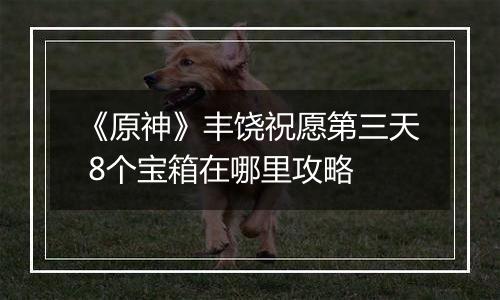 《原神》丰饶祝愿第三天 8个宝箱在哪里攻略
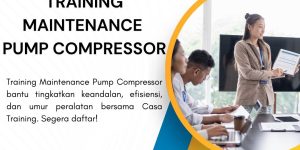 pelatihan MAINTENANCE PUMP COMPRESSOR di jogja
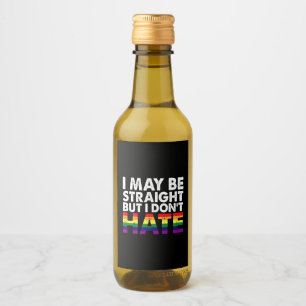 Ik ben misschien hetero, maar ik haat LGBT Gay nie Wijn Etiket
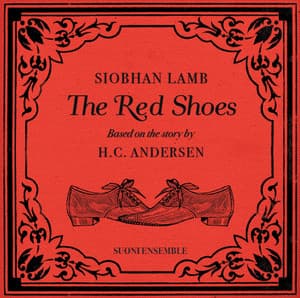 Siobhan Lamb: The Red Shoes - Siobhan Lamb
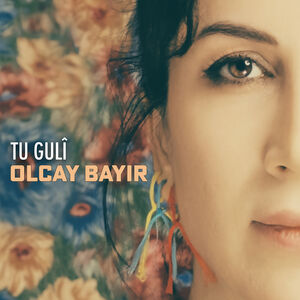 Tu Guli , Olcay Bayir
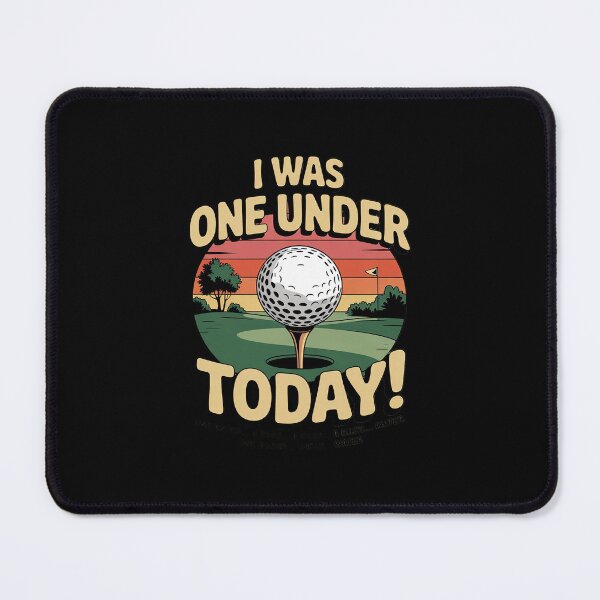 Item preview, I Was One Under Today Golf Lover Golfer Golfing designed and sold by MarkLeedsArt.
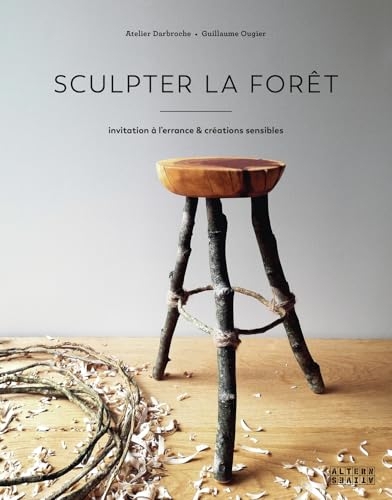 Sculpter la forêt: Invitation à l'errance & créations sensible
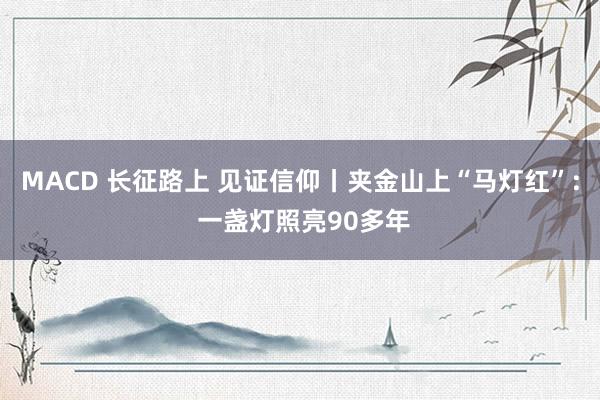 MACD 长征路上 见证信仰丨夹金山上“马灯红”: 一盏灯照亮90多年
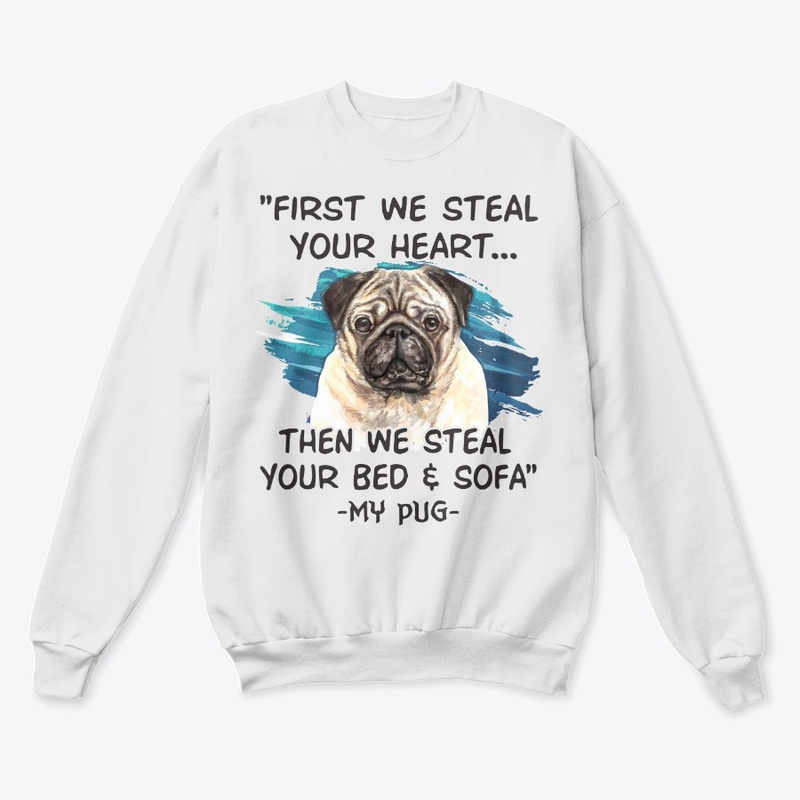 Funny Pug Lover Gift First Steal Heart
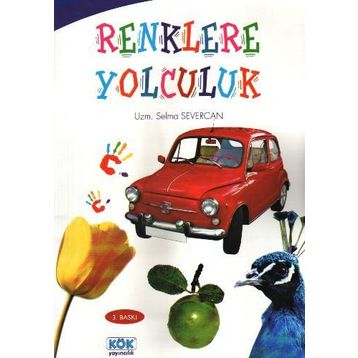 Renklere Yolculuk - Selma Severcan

> _Problem statement_
A word-for-word repeat is expected of the lines from the one with "pelatihan MAINTENANCE PUMP" to the end of the data, both included; pictures are not part of it.

> _Task output_
 pelatihan MAINTENANCE PUMP COMPRESSOR di jogja
 Ik ben misschien hetero, maar ik haat LGBT Gay nie Wijn Etiket
 Siobhan Lamb: The Red Shoes - Siobhan Lamb
 Tu Guli , Olcay Bayir
 Item preview, I Was One Under Today Golf Lover Golfer Golfing designed and sold by MarkLeedsArt.
 Sculpter la forêt: Invitation à l'errance & créations sensible
 MACD 长征路上 见证信仰丨夹金山上“马灯红”: 一盏灯照亮90多年
 Funny Pug Lover Gift First Steal Heart
 Renklere Yolculuk - Selma Severcan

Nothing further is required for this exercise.